▶ EXERCISE GOAL
Reproduce the listing below from the line with "Blaupunkt BARCELONA 200" to the line with "Granddaughter Jewelry Graduation", both lines included, character for character, minus any pictures.
BEGIN DATA SUPPLIED
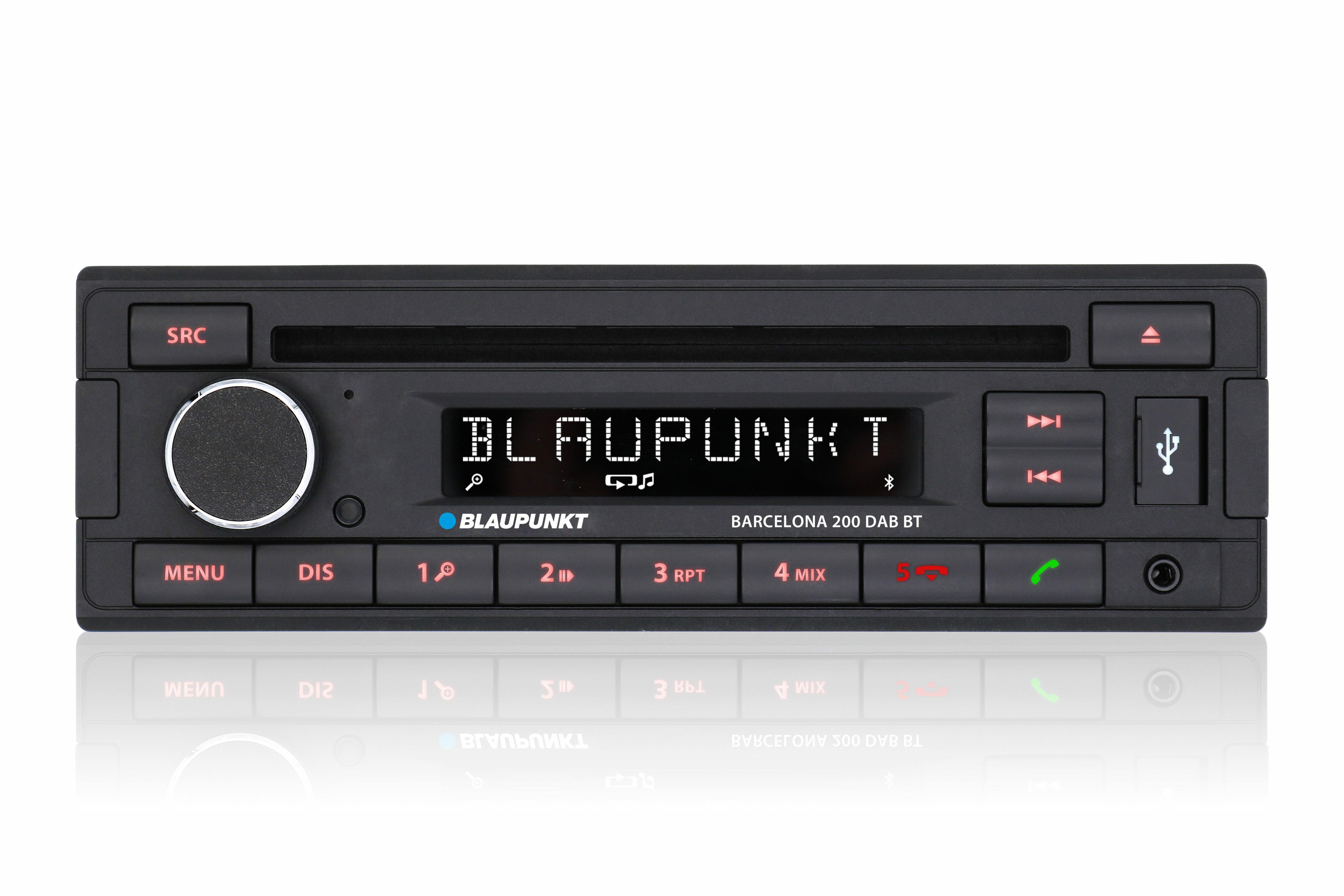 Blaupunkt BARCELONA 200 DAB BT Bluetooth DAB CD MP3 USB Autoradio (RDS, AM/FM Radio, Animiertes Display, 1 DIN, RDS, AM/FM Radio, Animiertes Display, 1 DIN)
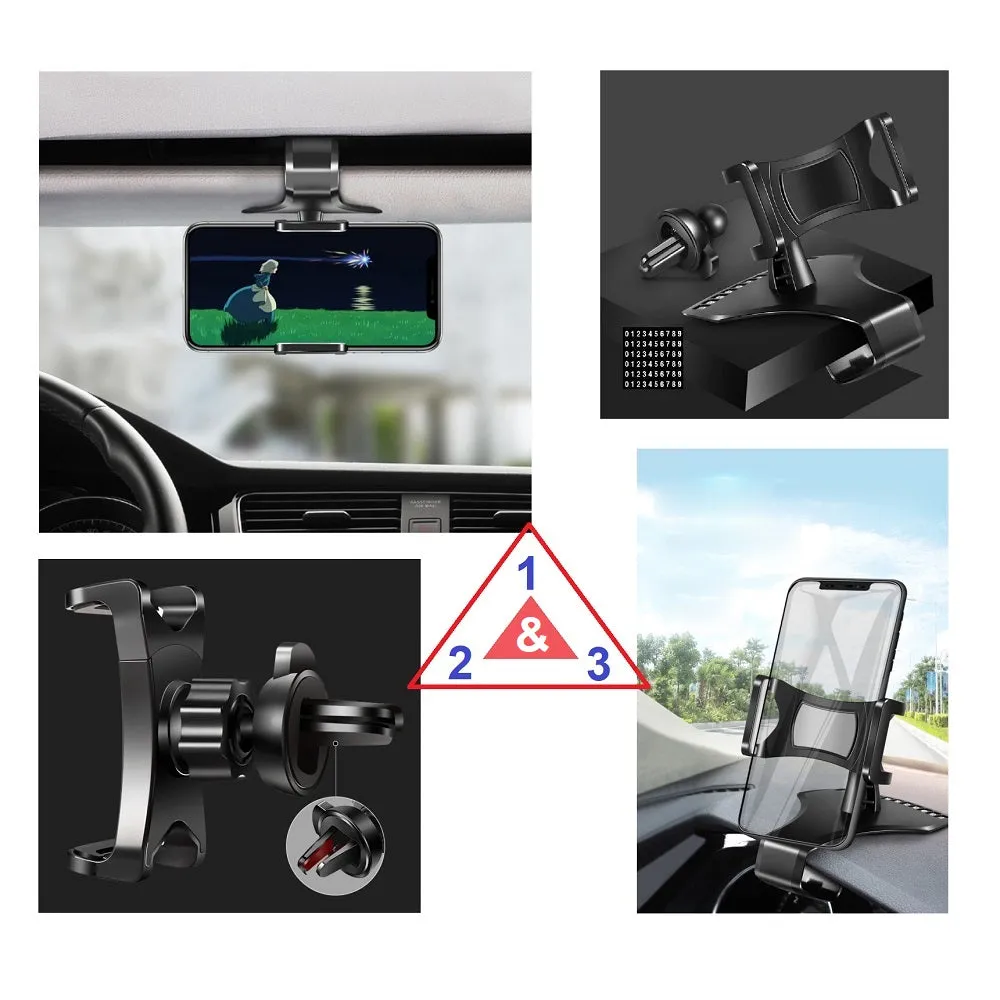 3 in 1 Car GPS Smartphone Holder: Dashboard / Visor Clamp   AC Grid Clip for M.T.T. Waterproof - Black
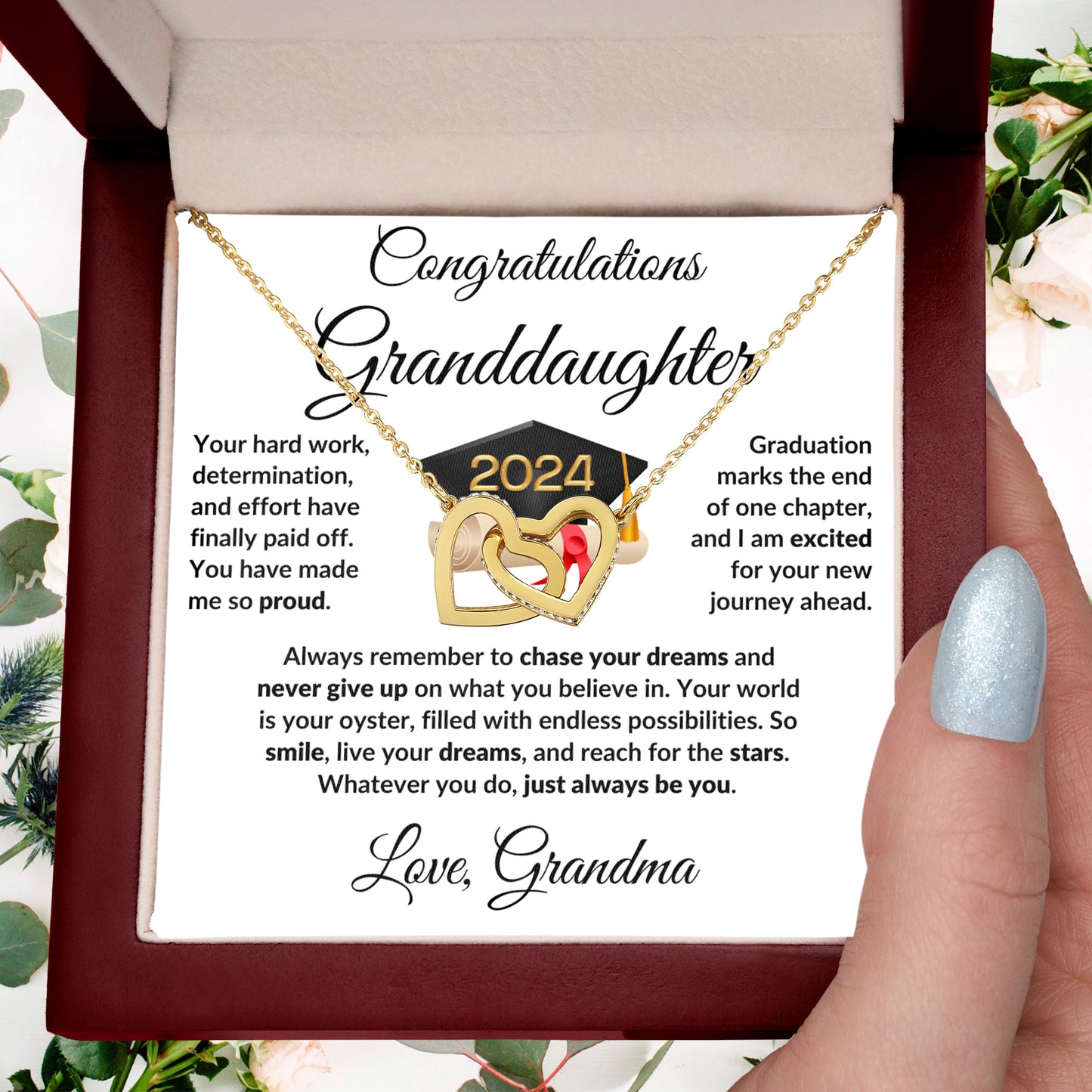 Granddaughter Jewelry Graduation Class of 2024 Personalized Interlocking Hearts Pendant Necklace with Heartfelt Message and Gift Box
END DATA SUPPLIED
BEGIN DATA SUPPLIED
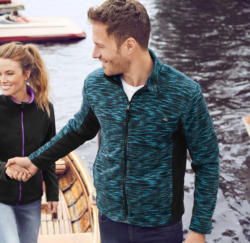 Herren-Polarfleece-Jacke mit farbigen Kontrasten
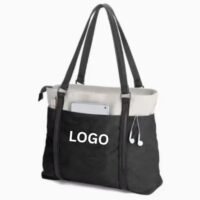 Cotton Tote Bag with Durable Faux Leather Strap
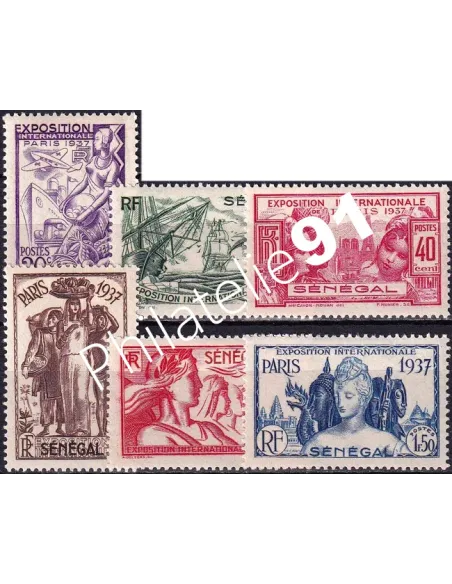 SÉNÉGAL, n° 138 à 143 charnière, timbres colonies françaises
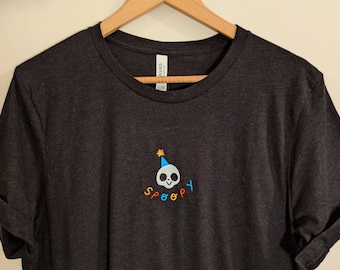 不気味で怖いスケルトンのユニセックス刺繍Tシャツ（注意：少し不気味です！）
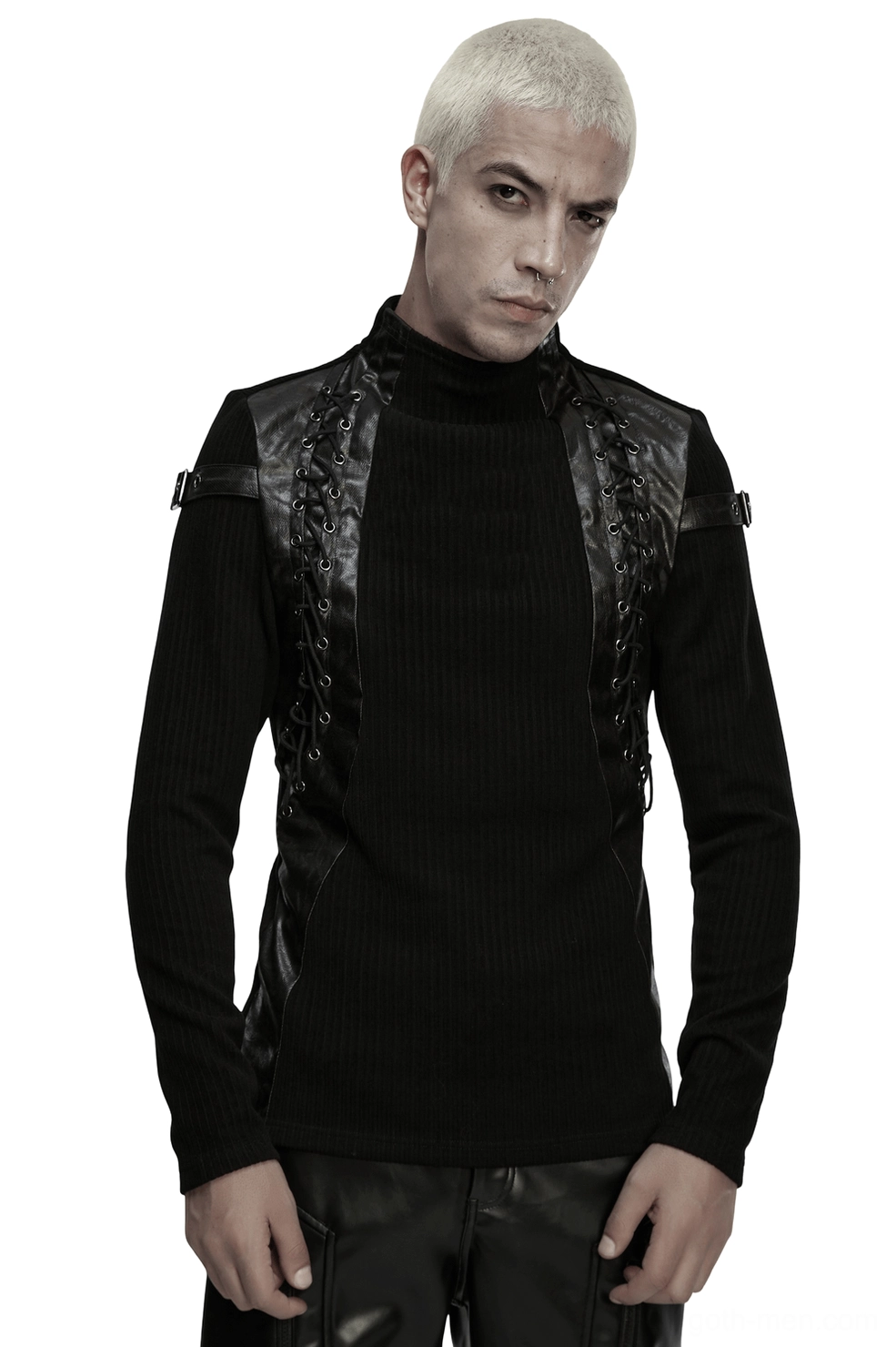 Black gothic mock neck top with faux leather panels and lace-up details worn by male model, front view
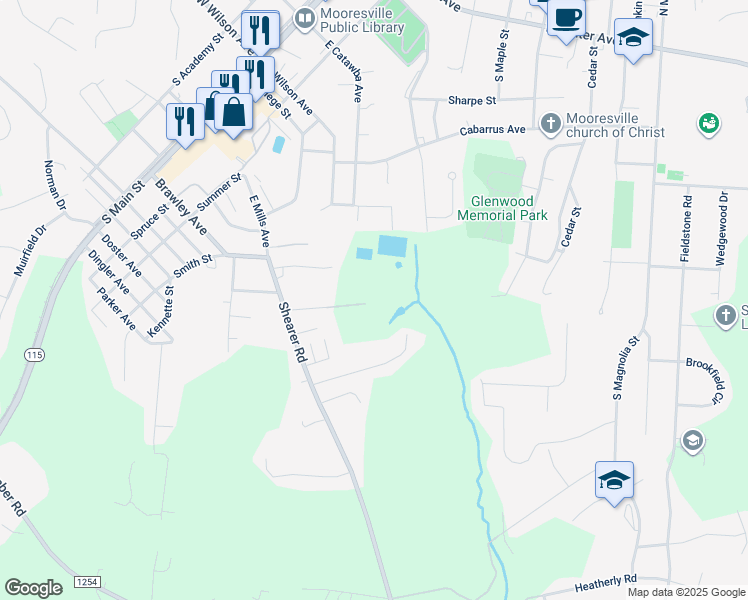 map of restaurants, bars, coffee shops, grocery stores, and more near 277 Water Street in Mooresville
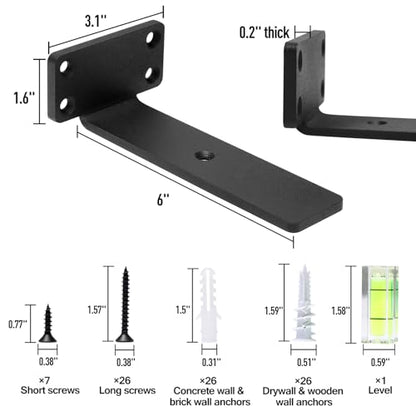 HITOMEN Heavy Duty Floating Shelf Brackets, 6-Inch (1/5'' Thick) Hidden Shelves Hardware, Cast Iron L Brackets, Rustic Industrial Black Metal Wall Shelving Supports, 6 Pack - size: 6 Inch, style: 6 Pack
END DATA SUPPLIED
BEGIN DATA SUPPLIED
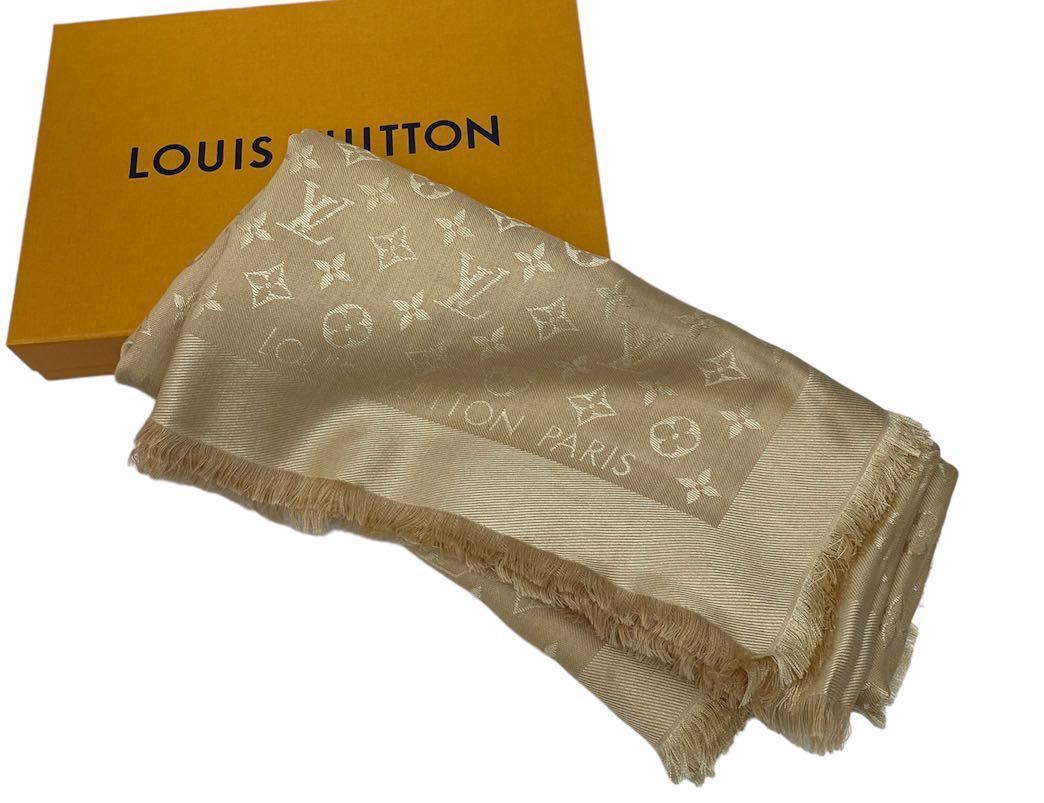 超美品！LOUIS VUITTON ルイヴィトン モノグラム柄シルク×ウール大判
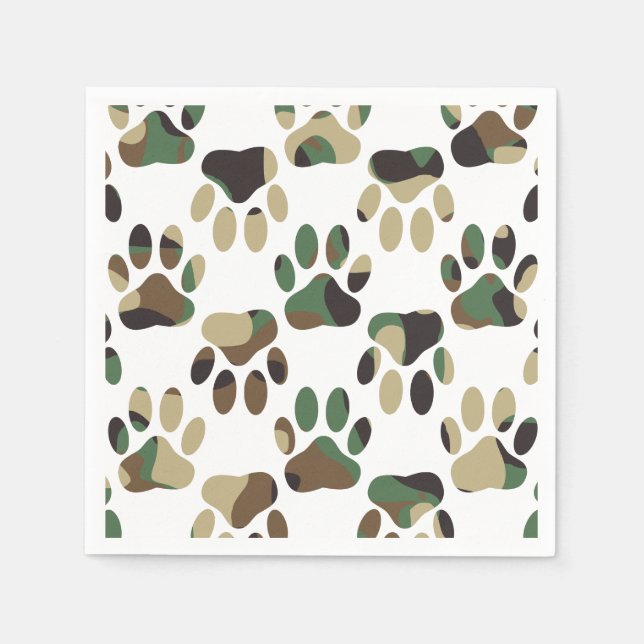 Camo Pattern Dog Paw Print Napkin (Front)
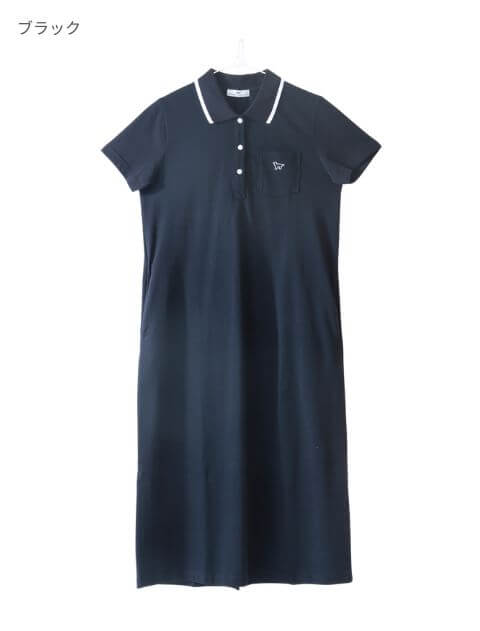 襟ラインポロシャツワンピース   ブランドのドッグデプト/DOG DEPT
END DATA SUPPLIED
▶ OUTPUT
 Blaupunkt BARCELONA 200 DAB BT Bluetooth DAB CD MP3 USB Autoradio (RDS, AM/FM Radio, Animiertes Display, 1 DIN, RDS, AM/FM Radio, Animiertes Display, 1 DIN)
 3 in 1 Car GPS Smartphone Holder: Dashboard / Visor Clamp   AC Grid Clip for M.T.T. Waterproof - Black
 Granddaughter Jewelry Graduation Class of 2024 Personalized Interlocking Hearts Pendant Necklace with Heartfelt Message and Gift Box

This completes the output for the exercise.